Otbert, les yeux baissés, est auprès du plus vieux, qui a le bras droit posé sur son épaule, et se tient un peu en arrière.

Dans l'ombre, derrière chacun des deux vieux chevaliers, on aperçoit deux écuyers habillés de fer comme leurs maîtres, et non moins vieux, dont la barbe blanchie descend sous la visière à demi baissée de leurs heaumes. Ces écuyers portent sur des coussins de velours écarlate les casques des deux vieillards, grands morions de forme extraordinaire dont les cimiers figurent des gueules d'animaux fantastiques.

Les deux vieillards écoutent en silence ; le moins vieux appuie son menton sur ses deux bras réunis et ses deux mains sur l'extrémité du manche d'une énorme hache d'Ecosse.

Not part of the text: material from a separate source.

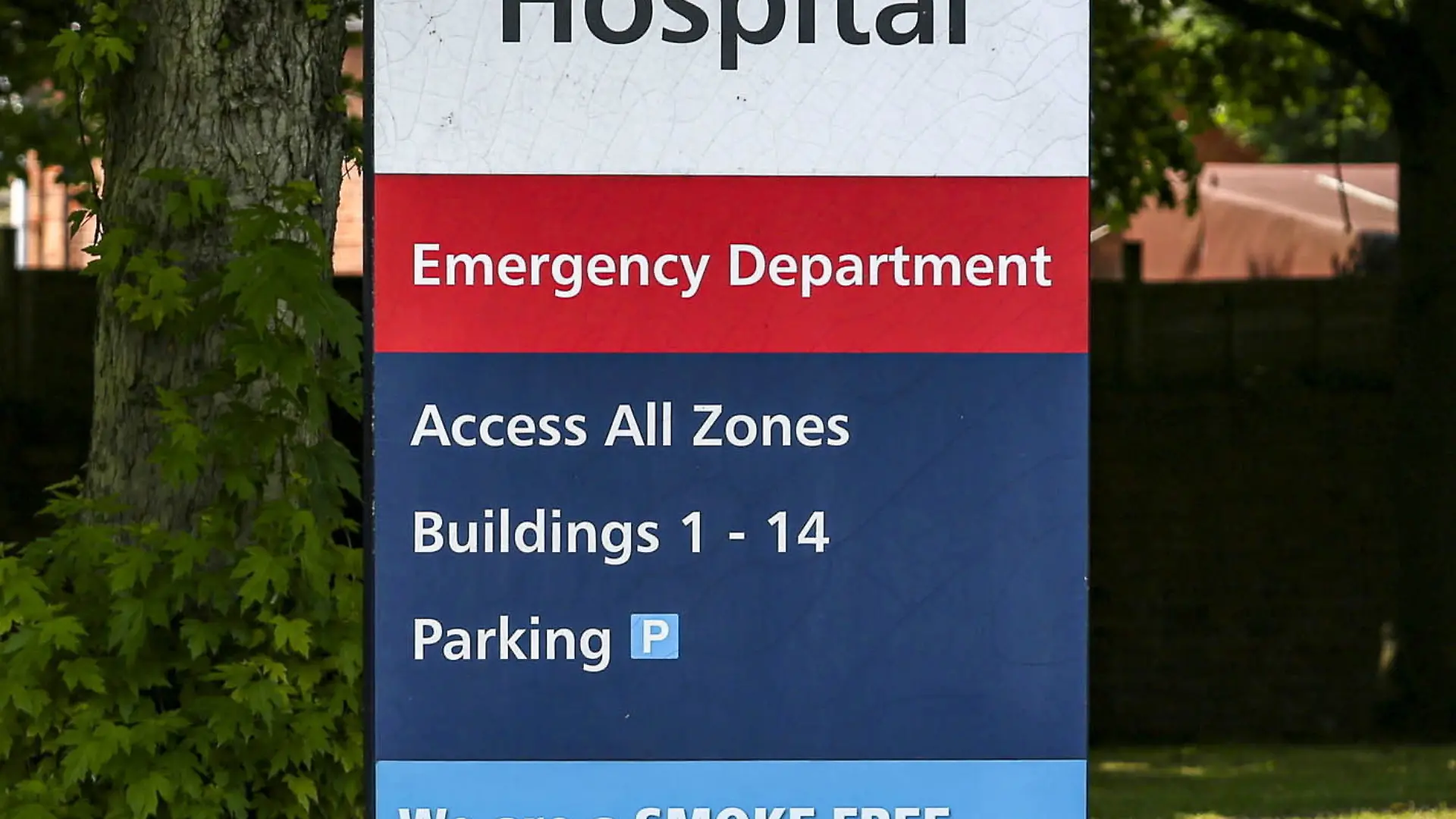 SONDERKONDITIONEN: Satzpreis! FILE PICTURE - New Cross Hospital, Wolverhampton. A heartbroken mum has told how her two-year-old boy died from a ‘brain injury caused by sepsis’ just days after doctors diagnosed him with constipation. Release date - December 4 2024. Little Hudson Cole Perrins was taken to Wolverhampton’s New Cross Hospital by his worried dad after he started complaining of stomach pains on June 27. Just four days later the boisterous and cheeky toddler passed away at Birmingham Children’s Hospital a month before his third birthday. An interim cause of death was given as a brain injury caused by urosepsis and an inquest into his death begins tomorrow (Thurs). His devastated family are now demanding answers ahead of the hearing and questioned why doctors were so quick to dismiss his symptoms as constipation.  Verstopfung entpuppt sich als Sepsis: Mutter erhält Entschädigung vom staatlichen Gesundheitsdienst NHS nach Tod ihres 2-jährigen Sohnes an Sepsis, dem zuvor gesagt worden war, er habe Verstopfung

Les convives, occupés et causant entre eux, ne les ont pas aperçus.



Scène VI

Les mêmes, Job, Magnus, Otbert.


Magnus.
Jadis il en était
Des serments qu'on faisait dans la vieille Allemagne,
Comme de nos habits de guerre et de campagne ;
Ils étaient en acier. — J'y songe avec orgueil. —
C'était chose solide et reluisante à l'œil,
Que l'on n'entamait point sans lutte et sans bataille,
A laquelle d'un homme on mesurait la taille,
Qu'un noble avait toujours présente à son chevet,
Et qui, même rouillée, était bonne et servait.
Le brave mort dormait dans sa tombe humble et pure,
Couché dans son serment comme dans son armure,
Et le temps, qui des morts ronge le vêtement,
Parfois brisait l'armure, et jamais le serment.
Mais aujourd'hui la foi, l'honneur et les paroles
Ont pris le train nouveau des modes espagnoles.
Clinquant ! soie! — Un serment, avec ou sans témoins,.
Dure autant qu'un pourpoint. — Parfois plus, souvent moins!
S'use vite, et n'est plus qu'un haillon incommode
Qu'on déchire et qu on jette en disant : Vieille mode !
A ces paroles de Magnus, tous se sont retournés avec stupeur.
Moment de silence parmi les convives

Hatto, s'inclinant devant les vieillards.
Mon père!...

Magnus.
Jeunes gens, vous faites bien du bruit.
Laissez les vieux rêver dans l'ombre et dans la nuit.